Start of Block
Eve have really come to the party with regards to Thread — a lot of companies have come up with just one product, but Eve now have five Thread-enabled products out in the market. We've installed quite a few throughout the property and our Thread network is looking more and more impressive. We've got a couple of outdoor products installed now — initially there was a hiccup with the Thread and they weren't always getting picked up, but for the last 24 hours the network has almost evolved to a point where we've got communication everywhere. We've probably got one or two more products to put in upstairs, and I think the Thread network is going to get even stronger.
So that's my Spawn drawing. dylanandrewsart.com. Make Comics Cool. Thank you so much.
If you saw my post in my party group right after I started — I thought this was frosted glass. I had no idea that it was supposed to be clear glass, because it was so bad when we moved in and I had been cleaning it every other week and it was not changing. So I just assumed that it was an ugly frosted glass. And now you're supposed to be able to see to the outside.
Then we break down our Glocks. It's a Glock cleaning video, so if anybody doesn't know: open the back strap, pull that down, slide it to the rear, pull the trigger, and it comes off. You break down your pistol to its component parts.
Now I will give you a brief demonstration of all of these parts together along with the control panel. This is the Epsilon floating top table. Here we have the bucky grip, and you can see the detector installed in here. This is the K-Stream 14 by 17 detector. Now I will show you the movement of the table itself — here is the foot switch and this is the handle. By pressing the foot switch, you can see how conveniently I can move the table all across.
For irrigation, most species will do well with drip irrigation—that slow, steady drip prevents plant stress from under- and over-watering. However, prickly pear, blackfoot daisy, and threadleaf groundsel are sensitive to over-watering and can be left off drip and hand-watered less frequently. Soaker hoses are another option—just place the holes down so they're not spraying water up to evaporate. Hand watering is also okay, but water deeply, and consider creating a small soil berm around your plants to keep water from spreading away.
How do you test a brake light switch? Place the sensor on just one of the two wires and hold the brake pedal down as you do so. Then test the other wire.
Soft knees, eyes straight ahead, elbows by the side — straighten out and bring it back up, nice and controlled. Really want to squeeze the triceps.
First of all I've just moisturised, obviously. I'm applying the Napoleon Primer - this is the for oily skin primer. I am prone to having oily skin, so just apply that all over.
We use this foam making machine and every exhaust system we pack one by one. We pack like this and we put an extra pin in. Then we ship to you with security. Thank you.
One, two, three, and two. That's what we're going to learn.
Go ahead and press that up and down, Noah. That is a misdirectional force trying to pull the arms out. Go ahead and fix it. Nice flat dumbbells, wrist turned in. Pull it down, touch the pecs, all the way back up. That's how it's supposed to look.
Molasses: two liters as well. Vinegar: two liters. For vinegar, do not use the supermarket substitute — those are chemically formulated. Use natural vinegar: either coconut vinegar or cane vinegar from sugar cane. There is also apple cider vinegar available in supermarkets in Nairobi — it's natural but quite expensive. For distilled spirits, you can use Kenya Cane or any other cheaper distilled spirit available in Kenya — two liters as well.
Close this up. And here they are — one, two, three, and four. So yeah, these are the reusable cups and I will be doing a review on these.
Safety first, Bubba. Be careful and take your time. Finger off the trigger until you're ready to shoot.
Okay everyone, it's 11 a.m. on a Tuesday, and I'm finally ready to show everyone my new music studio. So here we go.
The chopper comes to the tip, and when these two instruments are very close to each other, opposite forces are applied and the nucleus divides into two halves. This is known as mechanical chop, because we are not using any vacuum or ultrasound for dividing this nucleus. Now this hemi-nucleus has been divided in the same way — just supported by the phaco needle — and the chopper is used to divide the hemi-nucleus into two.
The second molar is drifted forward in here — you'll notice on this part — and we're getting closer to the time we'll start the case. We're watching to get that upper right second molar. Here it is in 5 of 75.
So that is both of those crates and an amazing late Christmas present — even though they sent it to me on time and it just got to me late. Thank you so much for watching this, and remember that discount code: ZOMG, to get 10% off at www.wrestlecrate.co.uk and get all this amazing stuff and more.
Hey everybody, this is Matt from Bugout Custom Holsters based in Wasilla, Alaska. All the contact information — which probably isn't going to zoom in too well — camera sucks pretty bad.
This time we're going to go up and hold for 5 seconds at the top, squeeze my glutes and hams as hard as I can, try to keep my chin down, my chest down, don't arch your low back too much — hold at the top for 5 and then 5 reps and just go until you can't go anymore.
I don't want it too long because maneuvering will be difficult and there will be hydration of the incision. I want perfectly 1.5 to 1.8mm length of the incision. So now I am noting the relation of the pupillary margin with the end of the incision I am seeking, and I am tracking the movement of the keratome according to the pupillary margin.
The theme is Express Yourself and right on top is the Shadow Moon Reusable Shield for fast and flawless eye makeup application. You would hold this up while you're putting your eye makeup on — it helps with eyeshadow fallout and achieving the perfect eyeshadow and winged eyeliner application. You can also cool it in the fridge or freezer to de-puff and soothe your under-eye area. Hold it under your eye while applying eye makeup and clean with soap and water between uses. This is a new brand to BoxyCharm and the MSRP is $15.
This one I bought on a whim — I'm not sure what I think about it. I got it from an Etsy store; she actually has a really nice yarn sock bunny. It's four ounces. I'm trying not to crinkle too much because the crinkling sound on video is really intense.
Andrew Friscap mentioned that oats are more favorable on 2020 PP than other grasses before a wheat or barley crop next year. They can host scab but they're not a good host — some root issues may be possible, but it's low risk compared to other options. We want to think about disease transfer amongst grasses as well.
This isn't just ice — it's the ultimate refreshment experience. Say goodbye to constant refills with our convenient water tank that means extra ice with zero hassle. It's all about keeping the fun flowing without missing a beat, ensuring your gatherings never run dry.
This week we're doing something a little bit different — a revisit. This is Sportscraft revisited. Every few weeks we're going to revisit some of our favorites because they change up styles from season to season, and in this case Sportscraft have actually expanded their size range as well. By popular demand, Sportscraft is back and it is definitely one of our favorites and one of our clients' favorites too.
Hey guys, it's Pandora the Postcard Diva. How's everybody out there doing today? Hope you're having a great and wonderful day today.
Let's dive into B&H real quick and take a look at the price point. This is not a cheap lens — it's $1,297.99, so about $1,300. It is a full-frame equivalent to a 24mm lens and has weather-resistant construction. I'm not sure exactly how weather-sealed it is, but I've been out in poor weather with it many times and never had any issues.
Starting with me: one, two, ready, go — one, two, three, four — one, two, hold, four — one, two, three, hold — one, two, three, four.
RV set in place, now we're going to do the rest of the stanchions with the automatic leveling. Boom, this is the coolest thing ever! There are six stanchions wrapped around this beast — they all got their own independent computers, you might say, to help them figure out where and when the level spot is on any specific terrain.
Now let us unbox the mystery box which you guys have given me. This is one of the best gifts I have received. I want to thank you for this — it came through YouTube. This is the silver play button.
End of Block
*EXERCISE DETAILS:*
What lines of the material above include "take"? Copy each one.

*RESULT OF THIS EXERCISE:*
Safety first, Bubba. Be careful and take your time. Finger off the trigger until you're ready to shoot.
Let's dive into B&H real quick and take a look at the price point. This is not a cheap lens — it's $1,297.99, so about $1,300. It is a full-frame equivalent to a 24mm lens and has weather-resistant construction. I'm not sure exactly how weather-sealed it is, but I've been out in poor weather with it many times and never had any issues.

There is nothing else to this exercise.